Consider a successful entrepreneur with a business earning $2 million a year. At a typical 5-10x earnings multiple, that business might sell for $10 to $20 million, or $8 to $16 million after capital gains tax. Since the start of this century, public equities have returned just over 4% a year, so proceeds from such a sale would have earned $320,000-$640,000 per year – a far cry from the $2 million this business was earning before the sale. Mix in some debt and cash for safety and the numbers look even worse. This seller’s dilemma results in incomes plummeting by 70-80% after the sale of the business.

After a sale, entrepreneurs are generally advised to take risk by investing in publicly-traded securities. The irony is that with passive investments, entrepreneurs who built wealth through hands-on involvement are depriving themselves of leveraging the very edges they developed over a lifetime of success.

The limitations of public investments

There is nothing wrong with investing in public companies. They allow for liquidity and a degree of diversification that would be difficult to achieve with private equity investments. Still, for people who have spent their careers using their talents to find a competitive edge, passive investing in public equities (or indexes) is a step back, and the returns are likely to reflect it.

In contrast, private equity allows access to opportunities that have not yet been watered down by mass exposure (there is more potential for alpha). It also does something more. It allows people who have been successful in business to use that expertise to create an investment edge because of all the experience and perspective they can bring to bear.

Making money is different than receiving money

Making money is different from receiving money, say by divorce, winning the lottery or inheriting wealth. People without a track record of business achievement may be best served by focusing on preserving wealth via well-diversified public market investments. Those with a history of successfully creating wealth in private companies should not be limited to trying to preserve wealth in public investments.

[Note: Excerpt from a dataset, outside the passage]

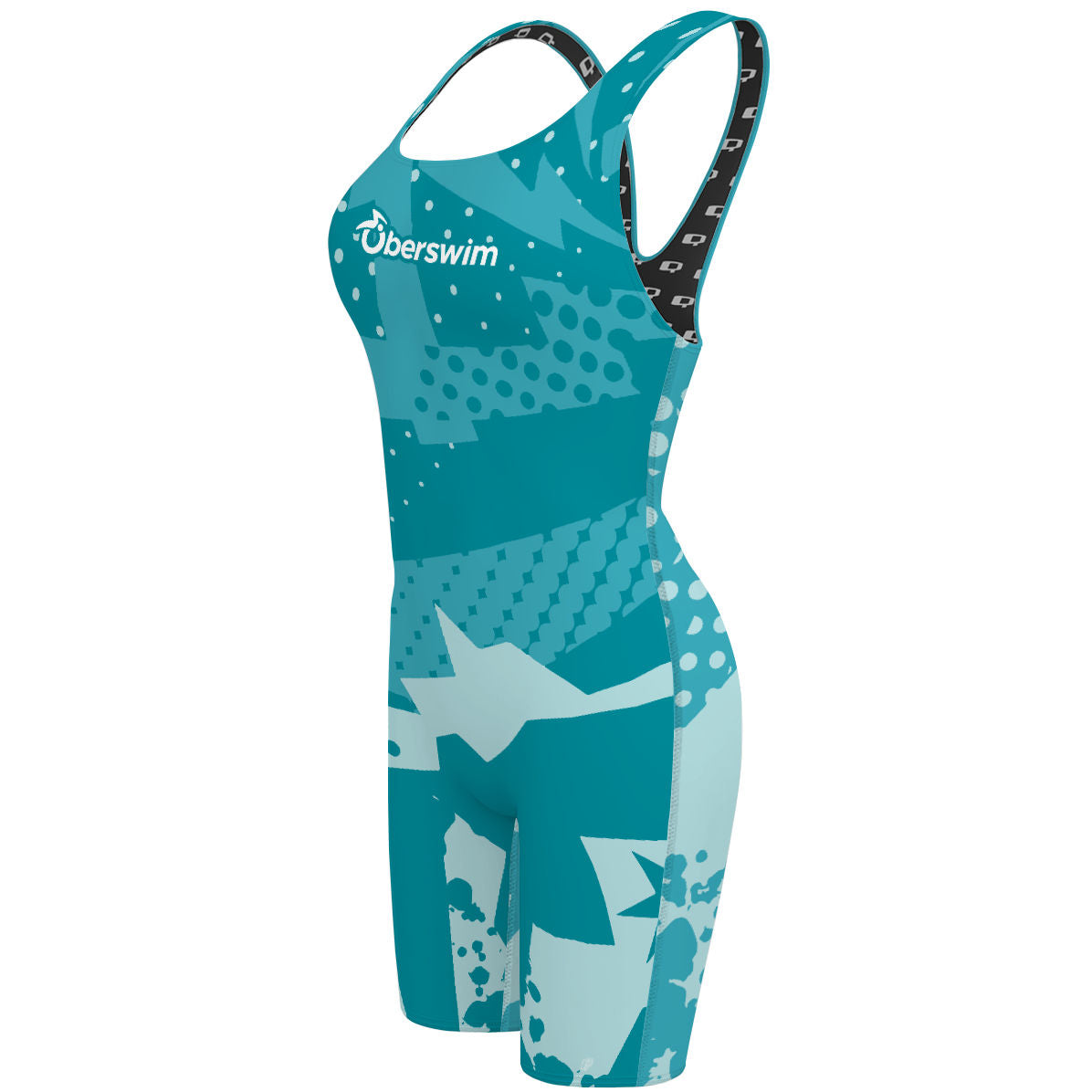 Oberswim niños - Classic Strap Long Knee Women Jammer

The combination of mediocre public market returns and the opportunity to leverage their business skills in private equity is no doubt a major reason why TIGER 21 Members report an average private equity allocation of 23%. TIGER 21 is exclusively for people who have been actively involved in creating their wealth. By investing in private equity, our Members create opportunities to continue applying the same types of insights and strategies that allowed them to build great businesses in the first place. No wonder Members’ allocations to private equity have almost doubled in the past decade.

With passive investments alone, entrepreneurs who built wealth through hands-on involvement are depriving themselves of the very edges that insured their success – not to mention the joy that comes with finding those edges.

The Fun Factor

I have been an active investor in outdoor solar lighting for almost 30 years. I am now the Chairman and largest shareholder of Carmanah Technologies, a small public company in Canada, which because of my position is really like a private equity holding. As rewarding as it has been financially, one of the great joys I experience is sailing along the United States coastline and seeing one of the red or green flashing Coast Guard buoys I know was made by Carmanah. One of my fellow TIGER 21 Members calls it the “fun factor.”

So what does this joy have to do with making and preserving wealth? They are all tied together. Taking a personal involvement in a few, select investments can prove to be financially rewarding and it can also be fun.